→ INFORMATION GIVEN
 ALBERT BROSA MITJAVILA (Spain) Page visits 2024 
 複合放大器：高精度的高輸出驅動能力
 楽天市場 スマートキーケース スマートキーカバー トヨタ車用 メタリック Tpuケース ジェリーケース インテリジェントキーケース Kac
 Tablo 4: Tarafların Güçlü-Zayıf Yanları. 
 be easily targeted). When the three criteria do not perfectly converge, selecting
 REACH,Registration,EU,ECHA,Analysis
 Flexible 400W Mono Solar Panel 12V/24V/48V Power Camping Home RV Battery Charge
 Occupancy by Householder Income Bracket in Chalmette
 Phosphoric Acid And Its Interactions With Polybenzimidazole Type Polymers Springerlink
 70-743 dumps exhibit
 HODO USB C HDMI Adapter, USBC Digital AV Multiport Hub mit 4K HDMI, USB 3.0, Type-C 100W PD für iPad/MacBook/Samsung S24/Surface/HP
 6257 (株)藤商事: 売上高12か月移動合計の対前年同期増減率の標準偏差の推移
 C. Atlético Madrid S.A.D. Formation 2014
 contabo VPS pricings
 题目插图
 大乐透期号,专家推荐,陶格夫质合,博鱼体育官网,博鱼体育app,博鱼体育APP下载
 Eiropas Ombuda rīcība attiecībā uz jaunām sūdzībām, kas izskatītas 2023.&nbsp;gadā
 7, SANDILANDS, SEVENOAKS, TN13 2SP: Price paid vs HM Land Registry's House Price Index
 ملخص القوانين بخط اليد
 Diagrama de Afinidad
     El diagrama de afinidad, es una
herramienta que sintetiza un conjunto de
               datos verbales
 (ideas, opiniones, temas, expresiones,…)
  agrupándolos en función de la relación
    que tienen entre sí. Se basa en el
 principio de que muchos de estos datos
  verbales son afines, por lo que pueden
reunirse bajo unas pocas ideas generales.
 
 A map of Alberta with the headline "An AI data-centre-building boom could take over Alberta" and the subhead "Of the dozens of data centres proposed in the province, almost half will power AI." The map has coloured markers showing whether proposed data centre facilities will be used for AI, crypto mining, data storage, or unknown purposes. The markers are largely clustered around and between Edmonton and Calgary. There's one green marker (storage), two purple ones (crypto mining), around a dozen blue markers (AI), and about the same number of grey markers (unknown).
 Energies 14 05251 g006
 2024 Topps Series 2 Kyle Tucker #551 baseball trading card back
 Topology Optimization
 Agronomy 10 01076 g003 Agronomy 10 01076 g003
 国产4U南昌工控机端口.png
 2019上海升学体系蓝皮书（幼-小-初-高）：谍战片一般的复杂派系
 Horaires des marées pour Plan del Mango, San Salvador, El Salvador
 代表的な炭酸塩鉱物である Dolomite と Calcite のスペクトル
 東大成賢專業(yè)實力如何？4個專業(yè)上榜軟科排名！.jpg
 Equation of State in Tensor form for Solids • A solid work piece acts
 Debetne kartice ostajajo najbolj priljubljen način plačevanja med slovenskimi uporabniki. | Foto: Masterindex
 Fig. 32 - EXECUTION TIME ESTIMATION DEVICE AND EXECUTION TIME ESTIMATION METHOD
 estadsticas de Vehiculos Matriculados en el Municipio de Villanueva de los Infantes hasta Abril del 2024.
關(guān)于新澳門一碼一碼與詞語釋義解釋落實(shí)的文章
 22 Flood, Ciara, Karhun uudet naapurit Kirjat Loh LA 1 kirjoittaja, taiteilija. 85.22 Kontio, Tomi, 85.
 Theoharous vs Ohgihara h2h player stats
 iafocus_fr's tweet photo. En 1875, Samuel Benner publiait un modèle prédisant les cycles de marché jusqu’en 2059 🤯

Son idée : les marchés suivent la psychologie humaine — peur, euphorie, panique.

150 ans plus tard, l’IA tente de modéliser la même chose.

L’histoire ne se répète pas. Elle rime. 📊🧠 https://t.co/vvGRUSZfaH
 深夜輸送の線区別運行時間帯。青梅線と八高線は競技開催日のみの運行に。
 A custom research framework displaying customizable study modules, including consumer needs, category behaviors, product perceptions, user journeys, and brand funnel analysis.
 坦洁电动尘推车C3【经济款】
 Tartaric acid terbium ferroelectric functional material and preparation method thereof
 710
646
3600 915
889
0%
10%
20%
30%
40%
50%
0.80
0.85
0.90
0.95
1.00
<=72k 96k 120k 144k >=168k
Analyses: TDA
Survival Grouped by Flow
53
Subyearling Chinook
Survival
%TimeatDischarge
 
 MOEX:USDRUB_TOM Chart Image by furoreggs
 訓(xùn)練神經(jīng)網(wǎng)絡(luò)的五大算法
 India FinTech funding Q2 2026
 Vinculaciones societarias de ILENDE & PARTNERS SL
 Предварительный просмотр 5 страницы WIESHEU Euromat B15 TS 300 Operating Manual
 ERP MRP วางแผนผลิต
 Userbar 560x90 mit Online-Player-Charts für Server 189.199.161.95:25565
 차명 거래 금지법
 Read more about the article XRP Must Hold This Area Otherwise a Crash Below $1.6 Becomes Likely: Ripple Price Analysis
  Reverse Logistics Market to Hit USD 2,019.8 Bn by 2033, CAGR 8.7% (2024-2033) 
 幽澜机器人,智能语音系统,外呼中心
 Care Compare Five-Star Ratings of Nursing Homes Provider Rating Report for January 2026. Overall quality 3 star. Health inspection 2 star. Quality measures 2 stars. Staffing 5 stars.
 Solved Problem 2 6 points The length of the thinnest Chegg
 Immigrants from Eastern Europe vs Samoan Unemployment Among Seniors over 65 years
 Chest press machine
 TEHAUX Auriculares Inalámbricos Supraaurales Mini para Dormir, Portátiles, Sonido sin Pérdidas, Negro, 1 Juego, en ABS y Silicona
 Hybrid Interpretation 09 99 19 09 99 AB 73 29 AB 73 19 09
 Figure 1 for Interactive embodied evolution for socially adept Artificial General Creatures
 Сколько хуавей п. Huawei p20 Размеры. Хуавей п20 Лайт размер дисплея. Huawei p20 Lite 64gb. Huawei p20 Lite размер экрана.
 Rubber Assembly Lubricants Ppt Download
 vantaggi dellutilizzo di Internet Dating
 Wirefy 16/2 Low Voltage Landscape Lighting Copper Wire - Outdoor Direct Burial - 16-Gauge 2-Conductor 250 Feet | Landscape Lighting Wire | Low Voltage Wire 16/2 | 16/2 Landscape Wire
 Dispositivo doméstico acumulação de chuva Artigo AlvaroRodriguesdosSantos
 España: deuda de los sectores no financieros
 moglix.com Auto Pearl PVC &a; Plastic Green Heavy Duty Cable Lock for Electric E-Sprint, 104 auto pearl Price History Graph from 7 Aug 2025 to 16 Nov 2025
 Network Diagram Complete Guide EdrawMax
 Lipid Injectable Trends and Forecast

→ WORK REQUIRED
Exact duplication is required for the lines above, from the line that contains "iafocus_fr's tweet photo." to the line that contains "深夜輸送の線区別運行時間帯。青梅線と八高線は競技開催日のみの運行に。", inclusive; omit all others.

→ RESPONSE TO THIS TASK
 iafocus_fr's tweet photo. En 1875, Samuel Benner publiait un modèle prédisant les cycles de marché jusqu’en 2059 🤯

Son idée : les marchés suivent la psychologie humaine — peur, euphorie, panique.

150 ans plus tard, l’IA tente de modéliser la même chose.

L’histoire ne se répète pas. Elle rime. 📊🧠 https://t.co/vvGRUSZfaH
 深夜輸送の線区別運行時間帯。青梅線と八高線は競技開催日のみの運行に。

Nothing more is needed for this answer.